For Better or Worse: A Cubs Fan’s Reputation
Around Chicago you might hear the Cubs’ home stadium of Wrigley Field described as nothing more than a bar with live entertainment. It’s an insult directed at the legions of fair-weather fans who only go to the “Friendly Confines” to get drunk and sunburnt and who don’t know Ryne Sandberg from Ronny Woo-Woo. Over time and owing to some demographic stuff that’s way too heavy to get into in this forum, the Cubs have come to be the franchise of privilege in Chicago in direct contrast to the Blue Collar ethos of the White Sox. The fact that the Cubs’ payroll consistently dwarfs the Sox’ yet the Sox have won a World Series in the last decade poetically reinforces this feeling. The Cubs and their fans are generally seen as soft and wiener-y and Wrigley Field is like a Bacchanalian temple to their frivolity.

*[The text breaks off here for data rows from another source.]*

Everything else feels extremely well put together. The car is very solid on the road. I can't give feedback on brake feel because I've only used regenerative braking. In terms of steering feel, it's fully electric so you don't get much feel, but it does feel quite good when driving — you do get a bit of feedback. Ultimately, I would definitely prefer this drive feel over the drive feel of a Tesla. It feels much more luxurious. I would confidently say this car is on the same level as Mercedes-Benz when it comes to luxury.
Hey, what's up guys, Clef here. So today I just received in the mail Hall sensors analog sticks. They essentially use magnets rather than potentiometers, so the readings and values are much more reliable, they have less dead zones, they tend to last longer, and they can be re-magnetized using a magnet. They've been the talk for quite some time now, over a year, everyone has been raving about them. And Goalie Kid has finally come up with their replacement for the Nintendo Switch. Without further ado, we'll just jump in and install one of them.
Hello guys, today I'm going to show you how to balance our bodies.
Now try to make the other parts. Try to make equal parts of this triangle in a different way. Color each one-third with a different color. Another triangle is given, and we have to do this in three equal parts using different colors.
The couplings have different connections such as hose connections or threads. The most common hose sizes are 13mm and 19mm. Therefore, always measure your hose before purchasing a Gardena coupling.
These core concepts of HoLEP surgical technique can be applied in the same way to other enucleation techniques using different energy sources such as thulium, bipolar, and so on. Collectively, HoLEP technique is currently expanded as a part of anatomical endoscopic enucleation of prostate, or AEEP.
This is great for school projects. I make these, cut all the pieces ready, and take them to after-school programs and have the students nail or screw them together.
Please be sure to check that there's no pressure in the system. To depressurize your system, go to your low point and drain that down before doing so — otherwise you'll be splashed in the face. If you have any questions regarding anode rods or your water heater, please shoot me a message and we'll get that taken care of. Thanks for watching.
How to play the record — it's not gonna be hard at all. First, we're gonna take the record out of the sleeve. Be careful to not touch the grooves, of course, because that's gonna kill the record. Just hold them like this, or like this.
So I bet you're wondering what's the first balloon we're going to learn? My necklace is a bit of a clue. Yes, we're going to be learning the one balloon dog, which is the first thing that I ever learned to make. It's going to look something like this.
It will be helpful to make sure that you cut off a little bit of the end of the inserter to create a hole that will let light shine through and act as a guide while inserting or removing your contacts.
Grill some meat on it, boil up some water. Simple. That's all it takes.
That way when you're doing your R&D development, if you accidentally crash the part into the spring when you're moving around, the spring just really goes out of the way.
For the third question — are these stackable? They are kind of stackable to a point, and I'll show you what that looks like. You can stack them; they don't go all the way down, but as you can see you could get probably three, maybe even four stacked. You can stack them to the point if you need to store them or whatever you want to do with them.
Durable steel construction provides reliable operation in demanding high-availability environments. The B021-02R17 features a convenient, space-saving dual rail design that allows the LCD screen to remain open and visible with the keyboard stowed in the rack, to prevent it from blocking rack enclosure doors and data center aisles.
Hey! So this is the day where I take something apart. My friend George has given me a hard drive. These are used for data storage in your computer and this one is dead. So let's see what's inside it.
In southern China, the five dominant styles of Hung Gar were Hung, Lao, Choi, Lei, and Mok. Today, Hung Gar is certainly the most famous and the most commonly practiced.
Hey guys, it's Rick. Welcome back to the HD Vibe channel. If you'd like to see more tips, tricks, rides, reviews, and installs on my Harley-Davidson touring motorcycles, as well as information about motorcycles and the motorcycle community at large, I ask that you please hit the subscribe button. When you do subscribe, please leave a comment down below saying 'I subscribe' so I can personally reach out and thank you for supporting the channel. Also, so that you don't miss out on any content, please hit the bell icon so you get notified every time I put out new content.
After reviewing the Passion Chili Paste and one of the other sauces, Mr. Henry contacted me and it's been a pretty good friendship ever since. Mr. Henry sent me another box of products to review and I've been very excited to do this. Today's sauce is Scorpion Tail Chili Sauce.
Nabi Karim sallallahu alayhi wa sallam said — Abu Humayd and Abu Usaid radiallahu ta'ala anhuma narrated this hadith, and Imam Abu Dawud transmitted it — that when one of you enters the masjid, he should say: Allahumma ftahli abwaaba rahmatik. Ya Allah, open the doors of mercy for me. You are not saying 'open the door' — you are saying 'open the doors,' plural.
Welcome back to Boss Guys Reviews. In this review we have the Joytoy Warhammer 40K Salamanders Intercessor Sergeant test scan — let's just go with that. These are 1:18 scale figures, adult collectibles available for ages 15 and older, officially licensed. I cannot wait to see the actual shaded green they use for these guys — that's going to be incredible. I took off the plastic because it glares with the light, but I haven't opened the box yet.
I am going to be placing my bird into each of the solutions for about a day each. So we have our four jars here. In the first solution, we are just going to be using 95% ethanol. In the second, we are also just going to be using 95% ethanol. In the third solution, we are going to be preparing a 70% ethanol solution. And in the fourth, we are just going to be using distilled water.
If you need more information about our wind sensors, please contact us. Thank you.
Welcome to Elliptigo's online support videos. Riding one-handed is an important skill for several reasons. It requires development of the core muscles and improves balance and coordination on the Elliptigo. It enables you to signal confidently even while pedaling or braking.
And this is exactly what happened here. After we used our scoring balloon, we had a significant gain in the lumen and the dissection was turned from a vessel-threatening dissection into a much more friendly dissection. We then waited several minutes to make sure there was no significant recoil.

There are certainly “real” Cubs fans though. Their dogged and frank fidelity to the team through a century of outright shitty-ness has left them a beleaguered but scruffily admirable bunch. When it looks like the Cubs might have a decent season their true fans’ optimism is a guarded, precious thing. You’ll rarely hear a true Cubs fan brag about the team during a good stretch because they don’t want to have their hearts broken…again. They’re also a lovable bunch because for some reason it seems like the biggest Cubs fans are drawn from the most lovable demographics: the very young and the very old. (This last bit is definitely not empirical but if you go to a Cubs game just pick out the people who are actually paying attention and you’ll see what I mean). But you’ll never hear a Sox fan acknowledge this.
Despite the existence of the real Cubs fan contingent, Cubs fans continue to be stereotyped in Chicago as pink Polo-wearing Northside yuppy scumbags with bottle-blond bimbo courtesans sneaking Marlboro Light 100s in the bleachers while wearing crotch-shot producing denim skirts and too-tight Mark Prior jerseys from a couple years ago. When the Cubs are doing well, “Johnny Come-Latelies” swarm Wrigley and act like they haven’t just boarded the bandwagon. Perhaps the worst part of the fair-weather fan phenomenon is how over-the-top the fake pride and enthusiasm the newbies muster up can become. All of a sudden, fresh off a lifetime of a indifference, they become full-on Sox-bashing zealots. Sox fans HATE Cubs fans for all these reasons and as much as casual Cubs fans try to hate back they end up sounding self-conscious and passive-aggressively ashamed of their lack of true fandom.
So why should you go to a Cubs game? Why deal with the weightiness of decades of Northside/Southside strife? Why risk being labeled a poser Cubs fan? Why go to a once-hallowed place that is now filled with people more interested in checking their Blackberry than in the results of the Brewers/Cardinals game and its effects on Division standings? Why? Because if you’re like me you really don’t give a shit about baseball! You want to eat hot dogs made with horse anus and ground-up monkey bones and drink eight-dollar Old Styles (should be called Old Stool), sweating profusely while the back of your skanky girlfriend’s thighs fry on the bleacher/broiler. You want to ogle the hotties and boo the umps and admire Derek Lee’s ripped forearms. You want to go to Murphy’s or The Houndstooth or Bernie’s before and after the game. The Seventh-Inning Stretch and “Take Me Out to the Ballgame”. Nachos. The ivy-covered outfield walls. The trough (gentlemen you know what I mean). The breezes off the Lake. Packing into the Red Line with hundreds of other fat people sweating their beery fumes into your grill (ew). ‘Nuff said.